Any help is highly appreciated.
Thanks,
Sujitha
Created 07-20-2016 02:44 AM
@sujitha sanku Here are some thought. Your right data in HDFS is immutable; however, with hive acid and phoenix/hbase you are able to update data. There are internal workings without those products which allow to update data. However at the core data exist in hdfs is not truly updated. It gives the perception. Hence why there is such thing as major/minor compaction. Not going to go into too much detail on that. So if data is updated in hbase, you can use NiFi to detect when a record is changed and based on that create a alert. As for hive/acid I am not aware of similar functionality. However products at attunity have functionality for CDC on hadoop. I would reach out to them. if that is not possible them you can build functionality to do some change tracking. It would be a custom solution. again that is for hive.
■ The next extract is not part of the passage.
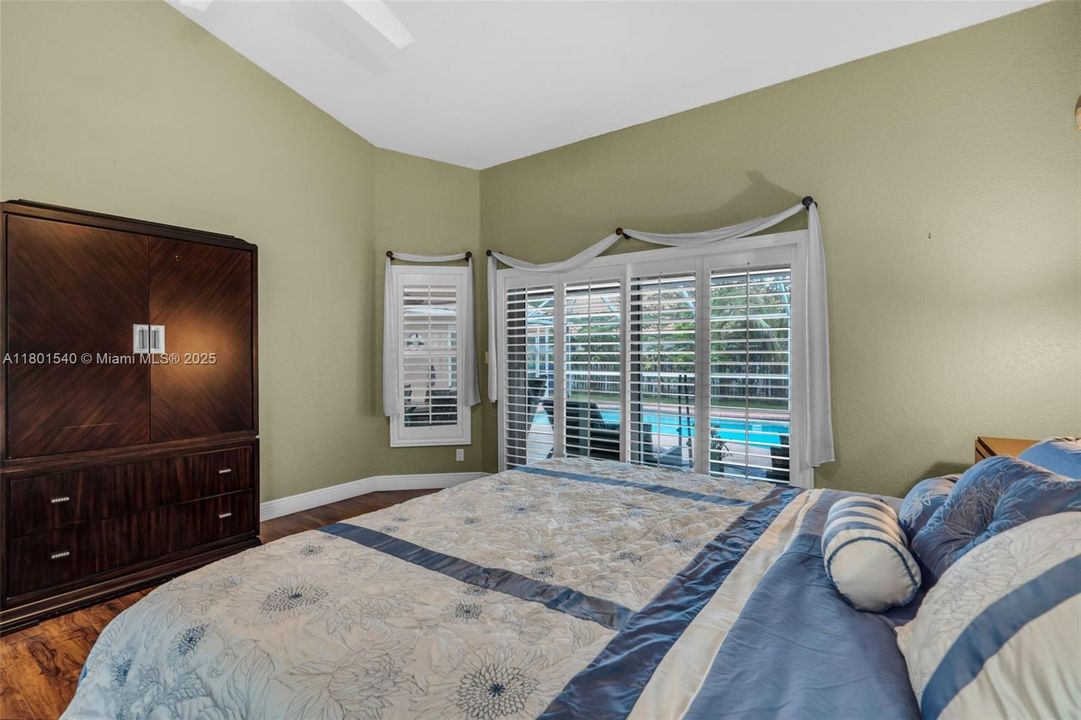 Active With Contract: $770,000 (5 beds, 3 baths, 2506 Square Feet)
Created 07-20-2016 02:44 AM
@sujitha sanku Here are some thought. Your right data in HDFS is immutable; however, with hive acid and phoenix/hbase you are able to update data. There are internal workings without those products which allow to update data. However at the core data exist in hdfs is not truly updated. It gives the perception. Hence why there is such thing as major/minor compaction. Not going to go into too much detail on that. So if data is updated in hbase, you can use NiFi to detect when a record is changed and based on that create a alert. As for hive/acid I am not aware of similar functionality. However products at attunity have functionality for CDC on hadoop. I would reach out to them. if that is not possible them you can build functionality to do some change tracking. It would be a custom solution. again that is for hive.